If the Americans refuse to listen to our advice and the goodness, guidance and righteousness that we call them to, then be aware that you will lose this Crusade Bush began, just like the other previous Crusades in which you were humiliated by the hands of the Mujahideen, fleeing to your home in great silence and disgrace. If the Americans do not respond, then their fate will be that of the Soviets who fled from Afghanistan to deal with their military defeat, political breakup, ideological downfall, and economic bankruptcy.

Bin Laden and those who planned 9/11 recognized the U.S. invasion of Afghanistan for the strategic error it has proven to be. All of them understood the collapse of the Soviet Union as a direct consequence of the USSR’s failed invasion and occupation of Afghanistan, and credited the mujahadeen with the collapse of the communist superpower. It might take time, they thought, but the same would happen to the United States should it be foolish and arrogant enough to invade and occupy the country. And we were.

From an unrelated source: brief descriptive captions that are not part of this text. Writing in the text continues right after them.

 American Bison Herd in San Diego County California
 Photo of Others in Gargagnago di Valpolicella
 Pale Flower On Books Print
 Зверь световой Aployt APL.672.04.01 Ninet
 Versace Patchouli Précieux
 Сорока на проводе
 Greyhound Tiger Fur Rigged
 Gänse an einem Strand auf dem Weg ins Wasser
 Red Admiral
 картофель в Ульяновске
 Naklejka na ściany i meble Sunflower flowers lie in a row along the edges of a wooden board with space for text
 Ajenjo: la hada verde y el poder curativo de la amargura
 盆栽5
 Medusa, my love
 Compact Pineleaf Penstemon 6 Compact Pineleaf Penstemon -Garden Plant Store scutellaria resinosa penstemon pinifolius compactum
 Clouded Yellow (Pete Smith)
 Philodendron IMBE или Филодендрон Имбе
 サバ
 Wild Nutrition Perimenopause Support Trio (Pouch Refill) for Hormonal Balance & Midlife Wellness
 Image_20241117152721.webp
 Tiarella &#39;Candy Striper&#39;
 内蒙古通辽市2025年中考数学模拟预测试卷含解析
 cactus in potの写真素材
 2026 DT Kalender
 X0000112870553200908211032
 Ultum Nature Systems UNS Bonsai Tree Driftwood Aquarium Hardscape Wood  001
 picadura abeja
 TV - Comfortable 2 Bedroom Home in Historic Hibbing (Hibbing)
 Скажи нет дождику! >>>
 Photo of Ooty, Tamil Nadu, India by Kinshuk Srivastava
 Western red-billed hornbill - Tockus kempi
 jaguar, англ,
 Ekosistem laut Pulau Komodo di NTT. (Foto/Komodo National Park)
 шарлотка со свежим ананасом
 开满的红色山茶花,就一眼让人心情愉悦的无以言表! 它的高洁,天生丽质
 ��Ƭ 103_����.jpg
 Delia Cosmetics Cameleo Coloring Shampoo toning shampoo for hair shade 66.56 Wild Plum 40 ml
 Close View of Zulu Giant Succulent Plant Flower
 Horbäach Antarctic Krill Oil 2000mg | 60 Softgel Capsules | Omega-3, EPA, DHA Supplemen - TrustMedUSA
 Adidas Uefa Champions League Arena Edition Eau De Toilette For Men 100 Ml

For all that, a Soviet-style collapse of the U.S. won’t happen. But our humiliation in Afghanistan will have global reverberations. The military power of the United States was the last institution of public life Americans really trusted, and it was the foundation of other nations’ trust in us — or fear of us.

Our adversaries will react accordingly. China, above all, will understand our defeat in Afghanistan as the end of American deterrence and a chance to press its irredentist agenda in Taiwan and the South China Sea. Moscow and Tehran will come to similar conclusions, as will Pyongyang.

Indeed, over the weekend, the Wall Street Journal reported that North Korea has resumed operation of its plutonium-producing reactor at Yongbyon, which had been inactive since December 2018. The operation of the reactor has apparently coincided with signs that North Korea has also begun to separate plutonium from spent fuel previously removed from the reactor.

For our allies, the end of American deterrence will likely prompt a strategic recalibration. Why would Taiwan, which this week issued a dire warning that China’s armed forces could “paralyze” Taiwan’s defenses, put its faith in an alliance with the United States? Why would Ukraine or Poland?

As we learn more in the coming weeks and months about the fecklessness and deceit of the Biden administration’s Afghanistan withdrawal — including Biden’s appalling conversation with then-President Ashraf Ghani, urging him to “project a different picture” of the fight against the Taliban, “whether it is true or not” — every nation in the world will take note of what our promises are worth.

Some of these developments will take decades to mature, but others will move rapidly. By the end of Biden’s term, assuming he’s able to see it through, we might well long for the days when all we had to worry about was our humiliation in Afghanistan. We’ll certainly come to see the events of the past few weeks in a stark new light: as the beginning of a dark chapter in world history, marked above all by the eclipse of American power and influence in an increasingly dangerous world.